Si elle reste raisonnable, la consommation de viandes rouges et de fromages ne vous condamne pas à la crise cardiaque.
Contrairement à une croyance fermement ancrée, les graisses dites «saturées» n’ont sans doute que peu d’effets délétères sur notre cœur. Mais alors, d’où vient leur mauvaise réputation? Au préalable, quelques éléments d’explication. Ces graisses sont constituées de molécules particulières, des acides gras dont tous les atomes de carbone sont totalement saturés en hydrogène. Si nous pouvons trouver ces molécules dans les produits laitiers, la viande ou certaines huiles végétales, notre corps est également capable de fabriquer celles dont il a besoin.
Ce n’est pas le cas d’autres acides gras, dits «insaturés», et plus précisément polyinsaturés, que nous ne pouvons produire et qui doivent donc être apportés par l’alimentation (c’est le cas des célèbres oméga-3 et oméga-6). De là, est venue l’idée reçue: si les graisses saturées des aliments ne sont pas indispensables, elles ne nous sont pas utiles. Et même, elles sont dangereuses pour notre santé, comme l’affirmait dans les années 1960 une étude américaine mettant en rapport la consommation de graisses saturées avec les taux de cholestérol ou les maladies cardiaques.
Graisses saturées, graisses diabolisées!
Sur quoi se fonde cette affirmation? L’analyse a été menée dans sept pays choisis pour refléter différentes habitudes alimentaires: la Finlande, les États-Unis, les Pays-Bas, l’Italie, la Yougoslavie, la Grèce et le Japon. Globalement, on trouve bien un lien. Mais, quand on étudie individuellement chaque pays, la corrélation disparaît! En particulier, quand on examine le cas de la France, pourtant championne en matière de consommation d’acides gras saturés. Voilà qui explique en partie les réticences d’éminents spécialistes face à la diabolisation des graisses saturées.
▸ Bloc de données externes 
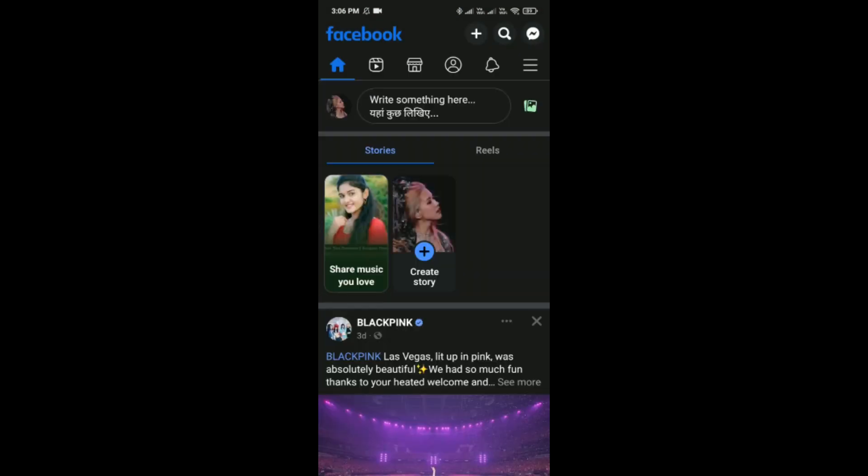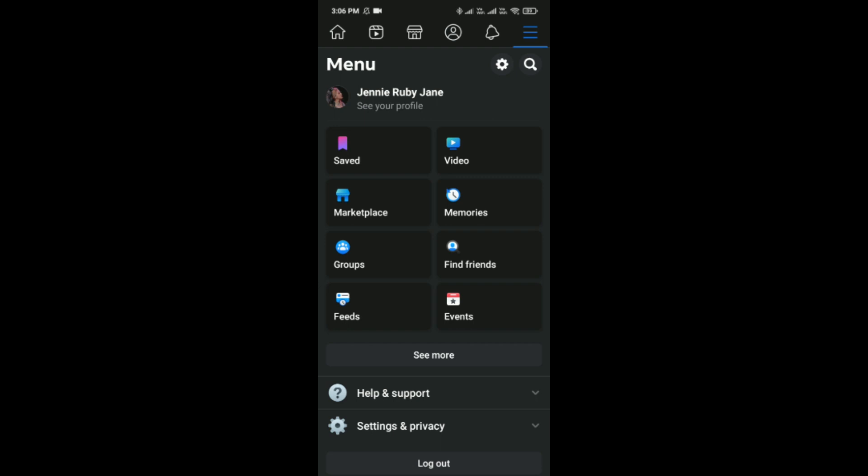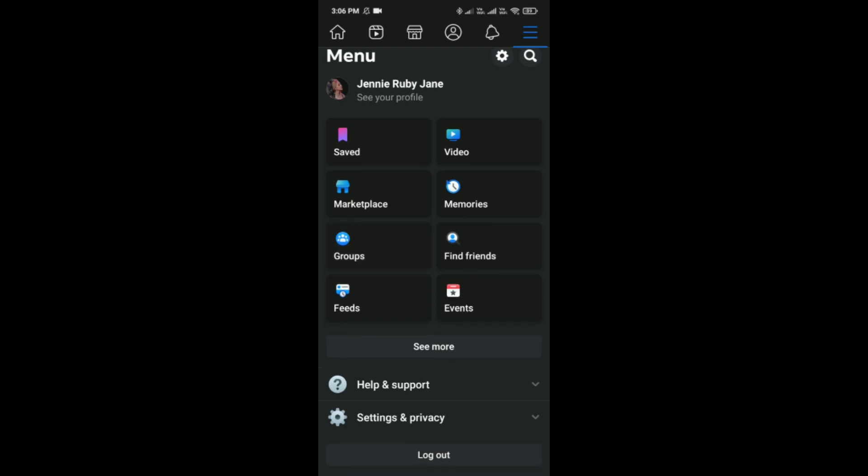Tap on these three lines which are here on the right-hand side below the messenger icon. You can simply click on the settings icon which is beside the search icon, or just scroll down.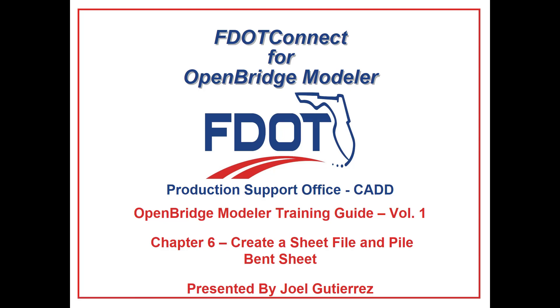Welcome to the CAD Office Training Guide Series for FDOT Connect. I am Joel Gutierrez, Structural Engineer at WSP USA. Today I will be going through the Open Bridge Modeler Training Volume 1, Introduction to Model-Centric Design.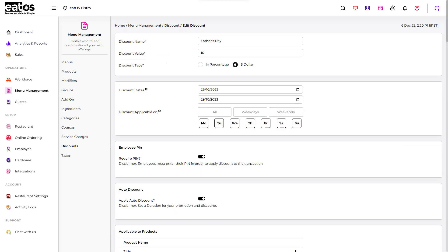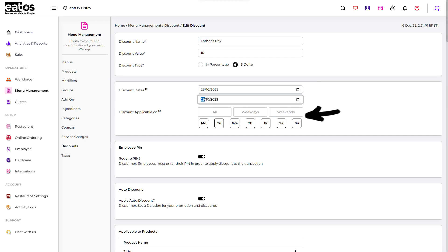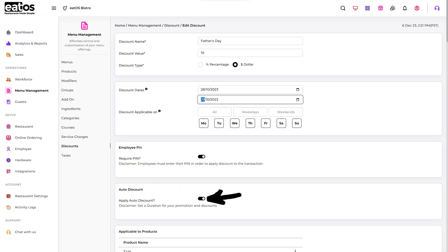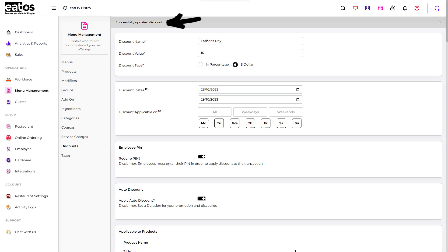Then set the start and end date as well as the applicable days for the discount to be applied. Navigate to Auto Discount and toggle on the Apply Auto Discount. Note, the changes made will automatically be saved.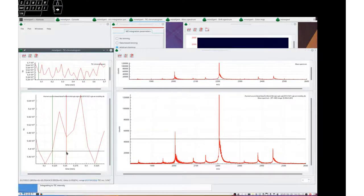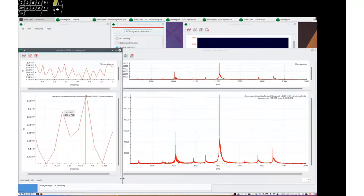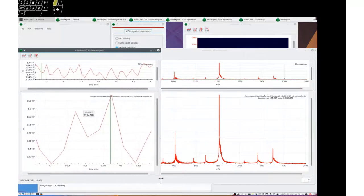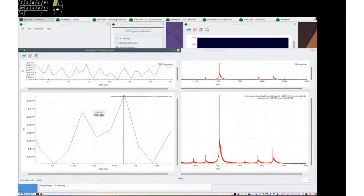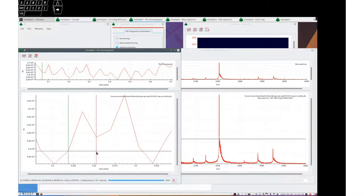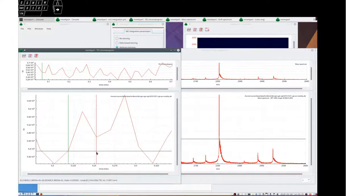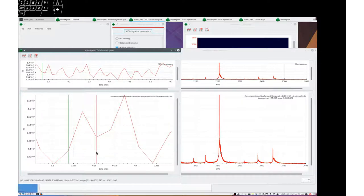And we have in the status bar the intensity, which is not fully displayed because the window is not large enough. Let's increase the window size and do that again. You will see the intensity value. There we are, 5.6 exponent 6. This is the intensity as it has been computed by going back to the original data.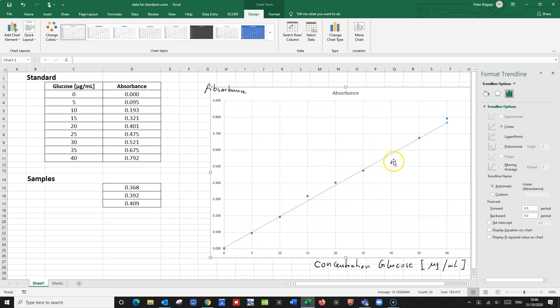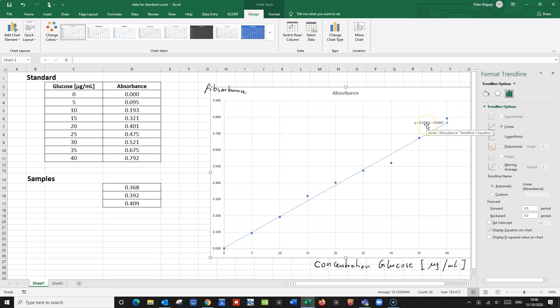We've got this one data point which is a little bit lower than we would expect, but in general it looks pretty good. We've got a line of best fit created from the data. We can also display the equation for this line of best fit on the chart, and we can display the R-squared value, which is the correlation coefficient for our line of best fit.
Dès 2010, en épluchant une vingtaine d’études concernant environ 350000 patients, une équipe américaine a démonté le mythe: d’un point de vue statistique, consommer des graisses saturées ne serait en rien lié à un risque plus grand de maladies cardiovasculaires. D’autres scientifiques ont enfoncé le clou. Comme ces chercheurs de Cambridge et de Harvard, qui, après avoir passé au crible 72 études portant sur environ 600000 personnes, concluent que nous nous trompons de cible en tenant les graisses saturées pour responsables des problèmes de nos artères.
Gare aux insaturées!
Certes, ils constatent bien quelque 2 % de risque en plus pour le cœur chez les gros consommateurs de graisses saturées. Mais ce n’est pas grand-chose comparé au risque induit par les «acides gras trans», ces graisses insaturées que l’on trouve dans les margarines, les viennoiseries et toutes sortes de plats préparés: avec elles, la menace de problèmes cardiaques grimperait de 16 %.
Autre élément à prendre en compte si l’on veut protéger son cœur: d’après une autre analyse américaine publiée cette année, remplacer les graisses saturées par des sucres est une mauvaise idée: cela ferait diminuer le taux de bon cholestérol et augmenter celui du mauvais, d’où des risques accrus de problèmes pour notre cœur et nos vaisseaux. Quant aux polyinsaturés, notamment les oméga-3 et oméga-6 dont on vante les mérites, les substituer aux acides gras saturés ne serait pas non plus conseillé. Car si l’on augmente les seconds et pas les premiers, alors le taux de bon cholestérol chute…
Au final, il n’est évidemment pas question d’encourager une consommation excessive de graisses saturées. Mais de l’avis d’une majorité de scientifiques, tout est une question d’équilibre: bien que notre corps soit capable de les synthétiser, cela ne signifie pas pour autant qu’il est inutile d’en consommer. Les éliminer de nos assiettes paraît même risqué!